A day after Pandora shook up the music streaming world by announcing it was buying “key assets” from the remains of on-demand streamer Rdio, we now know one reason why the Spotify and Apple Music competitor was forced into bankruptcy: It owes about $220 million to creditors, according to The Hollywood Reporter.

Most of that debt is owed to Pulser Media, the company which provided the majority of the company’s financing since Rdio began in 2008. Other significant creditors include set-top box manufacturer Roku ($2.7 million), Sony Music ($2.4 million), online ticketer AXS Digital ($1.25 million), and Shazam (nearly $1.2 million). As The Hollywood Reporter points out, it owed Facebook (nearly $500,000, for ad placement) almost as much as it owed Warner Music Group ($613,000), and more than Universal Music Group ($294,000), and independent music distributor Merlin BV ($134,960).
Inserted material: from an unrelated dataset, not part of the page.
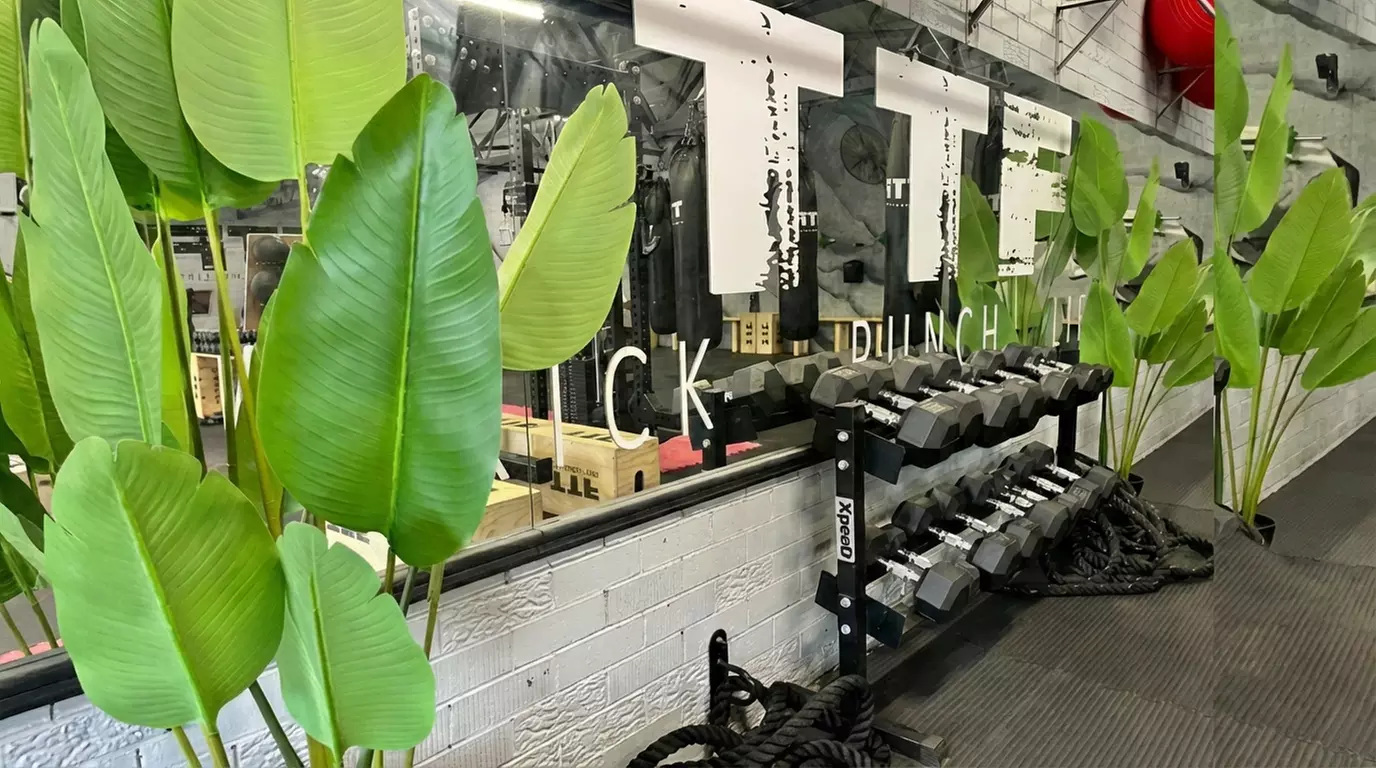 Two Weeks of Unlimited Gym Membership for One or Two People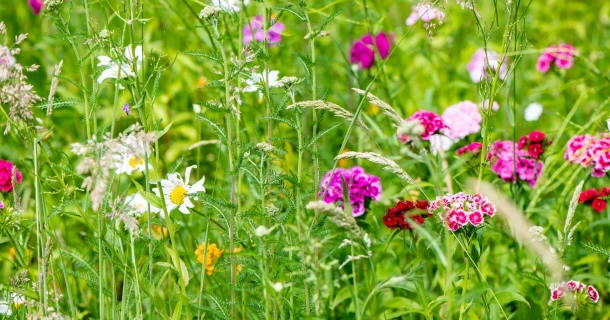 Trek nuttige insecten aan voor meer biodiversiteit Thumb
The on-demand music streamer, which charged $10 per month for a subscription, made about $1.5 million monthly from this revenue source. In addition to about $100,000 in monthly advertising expenditures, it had $4 million in monthly operating expenses inclusive of the salaries of its 140 person staff, royalty payments to rights owners, and “service maintenance costs.”

While Rdio didn’t announce subscription figures, the above numbers mean the streamer had about 150,000 monthly subscribers. Spotify (75 million, and 20 million paid) and Apple Music’s (15 million, 6.5 million paid) subscription numbers, in comparison, make Rdio’s seem pretty paltry.

Rdio general counsel Elliot Peters made the streamer’s financial position pretty clear, stating to The Hollywood Reporter that the streamer “no longer has the economic means of funding such significant operating cash flow shortfall.”

Late last year, Rdio hired investment bank Moelis & Company to raise more financing “but ultimately realized it wouldn’t be possible,” according to The Hollywood Reporter.

As we reported yesterday, Pandora ended up spending $75 million to buy some of its assets contingent on the company’s Chapter 11 bankruptcy filing.

“We are defining the next chapter of Pandora’s growth story,” said Pandora CEO Brian McAndrews in a statement. “Adding live music experiences through Ticketfly was a transformative step. Adding Rdio’s impressive technology and talented people will fast-track new dimensions and enhancements to our service. I couldn’t be more optimistic about Pandora’s future and the future of music.”